Hunting for the “right” project car is never an easy task. Even with the entirety of the internet at one’s fingertips, it takes a lot of due diligence (and a bit of luck) to score the perfect candidate. For some, the adventure lays in the hunt itself, everything else is secondary until the finished car again moved under its own power.

Not long after completing the restoration of their 1967 Shelby GT350 Team Principal Jeff Francis and his father Ben decided that the car was in need of some company. It was quickly decided that a 1968 GT350 Convertible would be the ideal solution; being that the two years were visually similar, but offering the open-air experience not available to buyers in 1967.

The search began for a suitable candidate, with nary a proper example to be had. Months elapsed by without anything even worth checking out in person. Unfortunately, the Shelby market was on an upswing and buyers seemed to be holding out for top dollar.

On a Saturday morning in May, Francis’ compulsory eBay search yielded a viable solution: an unrestored Acapulco Blue convertible in a state of disassembly located down in Florida. Despite being early in the auction, bidding had exploded. The owner, perhaps believing he had something more special than he realized, ended the auction early.

Fortunately, Francis was able to reach the seller via email before the auction was pulled. A little patience and time could bring this car home. Little did he realize that landing this one might take more patience than he had originally bargained for.

Francis, almost religiously, emailed the seller every four to six weeks regarding a possible sale.

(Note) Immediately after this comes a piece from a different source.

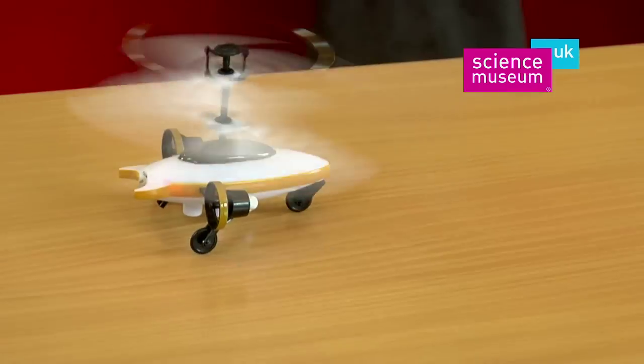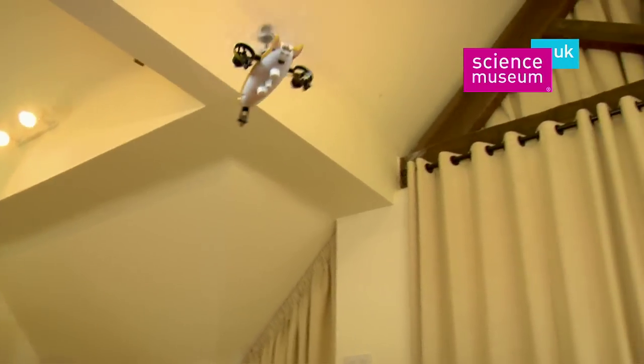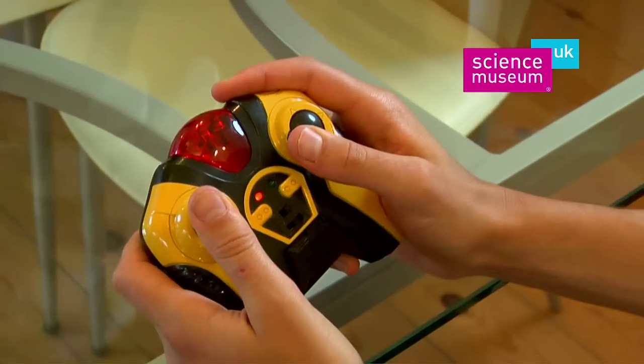The all-new Helicar from the Science Museum. An ultra-directional remote-controlled car and a high-flying helicopter in one. Take to the skies with just a flick of the handset joystick and maneuver around your house. Precision engineered for superb performance and stability.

“As far as I’m concerned, no response is a maybe,” remarked Francis. “After two plus decades in the collector car hobby, I know that everything is for sale at the right price.”

Seven months later, still no response back from the seller. Being that it was now December, Francis decided to reach out one more time. To some, it’s an old wives’ tale, but Christmas is one of the best times to sway a stubborn seller. Perhaps it has to do with the “giving” spirit of the season, or people generally being short on funds, but the end of the year always makes for a buyer’s market.

This time, Francis was blunt. “Tell me the price you want for the Shelby and I either will or will not buy the car. Either way, I’m not going to haggle with you and can have the money wired to you within 24 hours.”

After seven months of unreturned emails, the seller finally replied. His price was not unreasonable for a blind purchase, so Francis decided to take a chance and bring the car home to Fresno.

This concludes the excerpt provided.